Aaah so that is why I write? not for the creativity and enjoyment, outpourings of imagination and desire to communicate and entertain.  Only to justify my existence as a studio practitioner (as opposed to what other kind of practitioner?  I am not sure –definitions and delineations of craft techniques/status - all started in the 12th Century apparently).

Then, reading on, I would have fallen in love with this man (if he weren't dead) he so knows my mind and has identified my frustrations.

He talks about the use of writing to create what he labels "propaganda" ie the “catalogue essay”. 

"Yet the question remains: whom does it convince?  Is anyone, other than the craftsperson's friends and relatives, inclined to believe the often over-elaborate philosophical and art-historical claims made on behalf of the work? Surely not"

Yipee…. you too….Yep mate, nobody sane would believe it, unless they can find captive audiences elsewhere that is. 

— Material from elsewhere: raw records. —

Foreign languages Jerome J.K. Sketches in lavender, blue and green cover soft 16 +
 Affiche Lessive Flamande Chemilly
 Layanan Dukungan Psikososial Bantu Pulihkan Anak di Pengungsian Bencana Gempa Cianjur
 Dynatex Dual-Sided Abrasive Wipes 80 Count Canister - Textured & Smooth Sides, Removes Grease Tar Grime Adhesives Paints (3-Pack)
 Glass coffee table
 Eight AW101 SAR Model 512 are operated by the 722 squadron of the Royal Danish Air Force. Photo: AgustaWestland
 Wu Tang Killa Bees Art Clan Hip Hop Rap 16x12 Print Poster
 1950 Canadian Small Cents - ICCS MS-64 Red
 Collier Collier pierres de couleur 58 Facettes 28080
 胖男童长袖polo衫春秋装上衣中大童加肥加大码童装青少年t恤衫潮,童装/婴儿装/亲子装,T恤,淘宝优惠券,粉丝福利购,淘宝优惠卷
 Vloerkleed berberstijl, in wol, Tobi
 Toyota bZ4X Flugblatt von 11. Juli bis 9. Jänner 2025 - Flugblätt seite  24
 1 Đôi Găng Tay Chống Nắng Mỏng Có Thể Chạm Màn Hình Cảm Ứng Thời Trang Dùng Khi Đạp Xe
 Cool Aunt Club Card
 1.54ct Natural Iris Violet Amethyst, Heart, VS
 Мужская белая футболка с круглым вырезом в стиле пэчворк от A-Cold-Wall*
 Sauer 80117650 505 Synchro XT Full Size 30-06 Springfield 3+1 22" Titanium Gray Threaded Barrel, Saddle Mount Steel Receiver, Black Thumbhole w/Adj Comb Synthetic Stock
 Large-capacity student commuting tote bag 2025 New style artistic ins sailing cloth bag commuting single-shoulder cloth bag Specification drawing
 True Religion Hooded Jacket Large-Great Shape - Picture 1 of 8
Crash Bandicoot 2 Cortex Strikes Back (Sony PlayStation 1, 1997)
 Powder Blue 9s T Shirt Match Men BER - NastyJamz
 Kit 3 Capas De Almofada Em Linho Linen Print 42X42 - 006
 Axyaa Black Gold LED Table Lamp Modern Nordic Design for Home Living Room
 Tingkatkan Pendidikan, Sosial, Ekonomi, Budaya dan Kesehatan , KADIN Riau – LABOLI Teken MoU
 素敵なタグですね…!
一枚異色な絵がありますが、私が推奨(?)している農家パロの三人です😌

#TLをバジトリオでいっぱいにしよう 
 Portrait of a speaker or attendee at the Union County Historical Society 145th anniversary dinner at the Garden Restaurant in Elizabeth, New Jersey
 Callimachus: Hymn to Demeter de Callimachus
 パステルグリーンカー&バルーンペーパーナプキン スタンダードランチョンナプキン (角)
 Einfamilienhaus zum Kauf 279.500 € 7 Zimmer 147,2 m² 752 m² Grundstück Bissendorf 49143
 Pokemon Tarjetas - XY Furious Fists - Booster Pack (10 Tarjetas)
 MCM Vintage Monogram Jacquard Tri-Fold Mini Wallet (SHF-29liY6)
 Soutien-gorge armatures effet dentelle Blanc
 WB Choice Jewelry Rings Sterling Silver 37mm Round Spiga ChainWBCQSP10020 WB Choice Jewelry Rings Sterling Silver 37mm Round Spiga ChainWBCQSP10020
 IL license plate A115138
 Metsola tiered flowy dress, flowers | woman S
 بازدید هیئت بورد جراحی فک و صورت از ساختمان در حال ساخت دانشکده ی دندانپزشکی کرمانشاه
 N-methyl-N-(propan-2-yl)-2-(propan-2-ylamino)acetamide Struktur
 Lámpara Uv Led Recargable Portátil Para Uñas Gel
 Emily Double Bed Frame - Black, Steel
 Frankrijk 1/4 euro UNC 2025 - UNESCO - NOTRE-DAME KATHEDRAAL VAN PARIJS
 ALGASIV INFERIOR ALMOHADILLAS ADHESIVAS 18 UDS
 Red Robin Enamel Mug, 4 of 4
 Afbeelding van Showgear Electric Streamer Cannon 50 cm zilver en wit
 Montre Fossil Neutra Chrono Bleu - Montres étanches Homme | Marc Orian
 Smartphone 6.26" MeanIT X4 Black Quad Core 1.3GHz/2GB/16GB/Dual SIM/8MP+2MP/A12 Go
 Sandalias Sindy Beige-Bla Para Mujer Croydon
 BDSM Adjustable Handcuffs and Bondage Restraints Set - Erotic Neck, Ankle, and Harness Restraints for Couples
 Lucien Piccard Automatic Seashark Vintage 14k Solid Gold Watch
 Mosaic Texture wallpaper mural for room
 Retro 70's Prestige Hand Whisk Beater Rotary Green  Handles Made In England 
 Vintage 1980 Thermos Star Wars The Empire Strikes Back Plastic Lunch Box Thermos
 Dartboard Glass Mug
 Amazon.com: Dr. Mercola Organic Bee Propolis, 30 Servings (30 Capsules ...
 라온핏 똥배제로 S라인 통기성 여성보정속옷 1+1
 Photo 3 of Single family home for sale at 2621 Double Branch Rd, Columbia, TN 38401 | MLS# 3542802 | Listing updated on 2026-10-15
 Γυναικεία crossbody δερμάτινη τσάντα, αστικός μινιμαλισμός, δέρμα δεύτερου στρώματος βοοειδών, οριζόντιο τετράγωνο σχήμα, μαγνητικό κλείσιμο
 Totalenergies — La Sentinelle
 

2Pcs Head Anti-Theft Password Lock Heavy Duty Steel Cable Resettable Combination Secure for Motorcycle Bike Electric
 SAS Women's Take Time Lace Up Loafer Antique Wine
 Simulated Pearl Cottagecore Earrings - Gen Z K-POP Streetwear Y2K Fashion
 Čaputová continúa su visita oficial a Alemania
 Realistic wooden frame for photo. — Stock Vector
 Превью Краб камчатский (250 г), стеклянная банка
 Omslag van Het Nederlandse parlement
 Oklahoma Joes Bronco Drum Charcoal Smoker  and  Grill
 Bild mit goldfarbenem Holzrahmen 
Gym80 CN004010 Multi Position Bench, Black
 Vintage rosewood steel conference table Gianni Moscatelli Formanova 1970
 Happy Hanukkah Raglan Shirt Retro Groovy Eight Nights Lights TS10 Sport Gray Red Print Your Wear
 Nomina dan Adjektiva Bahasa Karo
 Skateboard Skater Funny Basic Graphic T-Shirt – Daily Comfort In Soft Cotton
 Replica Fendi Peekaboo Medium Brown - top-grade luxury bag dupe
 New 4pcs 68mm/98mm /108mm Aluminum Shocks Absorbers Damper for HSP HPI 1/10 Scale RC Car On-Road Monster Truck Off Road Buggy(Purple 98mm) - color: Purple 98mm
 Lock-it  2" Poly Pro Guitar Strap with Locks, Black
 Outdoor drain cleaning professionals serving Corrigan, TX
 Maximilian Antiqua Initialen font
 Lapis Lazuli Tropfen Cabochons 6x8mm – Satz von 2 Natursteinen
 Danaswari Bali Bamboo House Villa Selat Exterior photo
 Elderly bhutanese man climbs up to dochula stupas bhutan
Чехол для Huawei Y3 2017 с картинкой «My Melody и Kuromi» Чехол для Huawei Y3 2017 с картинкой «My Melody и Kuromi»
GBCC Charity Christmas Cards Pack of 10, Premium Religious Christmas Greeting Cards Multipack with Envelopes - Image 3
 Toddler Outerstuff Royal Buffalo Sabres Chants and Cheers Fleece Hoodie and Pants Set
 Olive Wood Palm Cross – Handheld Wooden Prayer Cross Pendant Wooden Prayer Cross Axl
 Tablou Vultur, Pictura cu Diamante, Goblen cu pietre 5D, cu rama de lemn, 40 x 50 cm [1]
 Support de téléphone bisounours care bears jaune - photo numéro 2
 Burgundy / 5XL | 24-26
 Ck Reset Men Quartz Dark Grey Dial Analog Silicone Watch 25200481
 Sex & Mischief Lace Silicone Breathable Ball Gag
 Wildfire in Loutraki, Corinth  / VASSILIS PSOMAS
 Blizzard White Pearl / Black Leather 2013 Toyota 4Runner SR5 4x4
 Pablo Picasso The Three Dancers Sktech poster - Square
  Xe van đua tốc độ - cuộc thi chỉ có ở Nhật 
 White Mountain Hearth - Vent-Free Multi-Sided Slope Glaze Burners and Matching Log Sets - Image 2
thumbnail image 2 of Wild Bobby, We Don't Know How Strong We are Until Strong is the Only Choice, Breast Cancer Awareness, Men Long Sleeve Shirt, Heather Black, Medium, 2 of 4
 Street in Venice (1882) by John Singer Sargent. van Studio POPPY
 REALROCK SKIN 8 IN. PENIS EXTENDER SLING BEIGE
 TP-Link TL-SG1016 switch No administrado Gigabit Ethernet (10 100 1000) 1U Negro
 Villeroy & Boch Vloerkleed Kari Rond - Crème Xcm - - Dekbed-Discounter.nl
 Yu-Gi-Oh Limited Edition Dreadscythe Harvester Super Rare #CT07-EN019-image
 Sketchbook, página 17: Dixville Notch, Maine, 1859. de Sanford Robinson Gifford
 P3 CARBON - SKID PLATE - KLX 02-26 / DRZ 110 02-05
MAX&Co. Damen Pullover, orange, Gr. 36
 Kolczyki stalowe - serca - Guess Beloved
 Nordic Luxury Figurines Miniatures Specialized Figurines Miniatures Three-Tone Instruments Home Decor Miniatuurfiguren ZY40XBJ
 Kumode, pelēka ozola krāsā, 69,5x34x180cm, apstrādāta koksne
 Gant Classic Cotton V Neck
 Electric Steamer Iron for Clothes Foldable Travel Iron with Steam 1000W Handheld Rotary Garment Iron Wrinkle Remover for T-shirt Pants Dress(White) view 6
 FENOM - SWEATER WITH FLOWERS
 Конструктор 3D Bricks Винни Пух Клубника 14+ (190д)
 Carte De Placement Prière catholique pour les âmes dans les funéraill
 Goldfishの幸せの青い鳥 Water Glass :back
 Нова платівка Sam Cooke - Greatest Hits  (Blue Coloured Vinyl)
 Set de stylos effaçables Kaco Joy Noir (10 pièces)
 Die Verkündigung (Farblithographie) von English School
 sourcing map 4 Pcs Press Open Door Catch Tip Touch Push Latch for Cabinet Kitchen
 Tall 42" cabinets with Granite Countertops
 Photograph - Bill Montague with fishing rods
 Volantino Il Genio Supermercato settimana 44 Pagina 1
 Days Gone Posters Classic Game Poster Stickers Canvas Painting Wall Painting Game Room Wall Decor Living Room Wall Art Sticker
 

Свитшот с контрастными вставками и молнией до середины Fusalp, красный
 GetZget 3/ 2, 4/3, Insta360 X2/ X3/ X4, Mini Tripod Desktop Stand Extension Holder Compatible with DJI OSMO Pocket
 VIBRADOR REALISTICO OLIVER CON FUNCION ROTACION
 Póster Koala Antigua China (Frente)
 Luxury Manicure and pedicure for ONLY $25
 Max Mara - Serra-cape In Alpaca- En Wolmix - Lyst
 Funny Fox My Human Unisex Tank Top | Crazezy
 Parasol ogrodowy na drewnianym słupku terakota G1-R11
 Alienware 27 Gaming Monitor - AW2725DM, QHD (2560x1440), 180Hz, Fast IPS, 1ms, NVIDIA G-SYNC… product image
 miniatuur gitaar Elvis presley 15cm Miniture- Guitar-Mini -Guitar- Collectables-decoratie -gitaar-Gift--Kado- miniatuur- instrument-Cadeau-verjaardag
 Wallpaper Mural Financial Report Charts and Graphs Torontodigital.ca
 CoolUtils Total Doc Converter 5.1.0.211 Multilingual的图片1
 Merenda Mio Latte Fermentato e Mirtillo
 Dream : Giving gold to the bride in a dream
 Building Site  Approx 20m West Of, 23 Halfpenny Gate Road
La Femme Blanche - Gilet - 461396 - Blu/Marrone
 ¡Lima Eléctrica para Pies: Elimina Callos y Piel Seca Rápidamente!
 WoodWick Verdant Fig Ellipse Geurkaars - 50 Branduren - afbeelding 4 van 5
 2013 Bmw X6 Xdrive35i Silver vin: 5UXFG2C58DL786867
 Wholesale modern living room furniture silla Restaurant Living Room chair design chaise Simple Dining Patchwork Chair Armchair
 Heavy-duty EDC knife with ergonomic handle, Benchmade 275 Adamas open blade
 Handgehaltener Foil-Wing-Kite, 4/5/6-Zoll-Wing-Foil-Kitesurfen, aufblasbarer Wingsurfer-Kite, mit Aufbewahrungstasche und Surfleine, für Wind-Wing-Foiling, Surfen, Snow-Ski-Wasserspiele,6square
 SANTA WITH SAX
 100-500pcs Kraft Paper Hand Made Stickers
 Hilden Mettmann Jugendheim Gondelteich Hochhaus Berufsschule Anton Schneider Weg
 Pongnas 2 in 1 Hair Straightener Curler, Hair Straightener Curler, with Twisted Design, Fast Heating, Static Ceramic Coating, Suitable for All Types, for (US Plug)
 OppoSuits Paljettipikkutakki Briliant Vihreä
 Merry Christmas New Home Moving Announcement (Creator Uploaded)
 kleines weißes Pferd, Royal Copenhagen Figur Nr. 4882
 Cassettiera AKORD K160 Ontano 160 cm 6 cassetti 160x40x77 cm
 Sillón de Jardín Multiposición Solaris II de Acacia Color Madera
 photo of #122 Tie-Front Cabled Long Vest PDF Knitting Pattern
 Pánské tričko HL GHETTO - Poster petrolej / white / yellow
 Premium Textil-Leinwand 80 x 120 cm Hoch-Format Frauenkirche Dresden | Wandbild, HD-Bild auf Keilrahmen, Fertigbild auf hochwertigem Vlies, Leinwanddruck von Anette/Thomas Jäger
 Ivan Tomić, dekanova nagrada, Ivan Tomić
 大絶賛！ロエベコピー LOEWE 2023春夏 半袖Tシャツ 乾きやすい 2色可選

I recently sat through three weeks of discussions based around these forms of essays at our local media centre.  Entertaining, informing, eloquent assertions of highly questionable origin (a lot of psycho babble, that even my psych friends don't use), designed for and used in art-funding proposals no doubt, recycled for the edification of the masses in regional outposts such as Lower Knowle (Knowle West by any other name…).

To be fair, actually the masses consisted of two people the first two weeks, me and B, three in the last one when we hijacked a friend. The rest of the audience were friends of the speakers, others involved in the Centre or associated media, with the Council representative not returning after the first week - no sticking power (Shame I liked him though - he wanted to buy a scarf like the one I was wearing - obviously understands true culture). 

Back to me book…. Mr Dormer finishes the essay berating Andrew Graham-Dixon for having missed out crafts' importance from a current arts series which was being screened (in 1995/6).  I am totally content to add this to the list of other crimes Mr Graham-Dixon commits in the name of documentary reportage.

All in all, a thoroughly successful piece of thought-provoking writing me thinks.

Not wanting this bonding to end, I skipped on to page 194 and the essay entitled “Writing about the crafts”... and slipped into sleep filled nirvana (after realising it was now three o clock in the morning).

Now I know who I am and what I do, best get on with struggling through the day. I am looking forward to early bed tonight (no smutty laughs here please..) I have the second essay The Status of Craft by Paul Greenhalgh to look forward to...

I would highly commend this book to anybody who is seriously, or even curiously, interested in how craftsmanship has developed and its place in society today.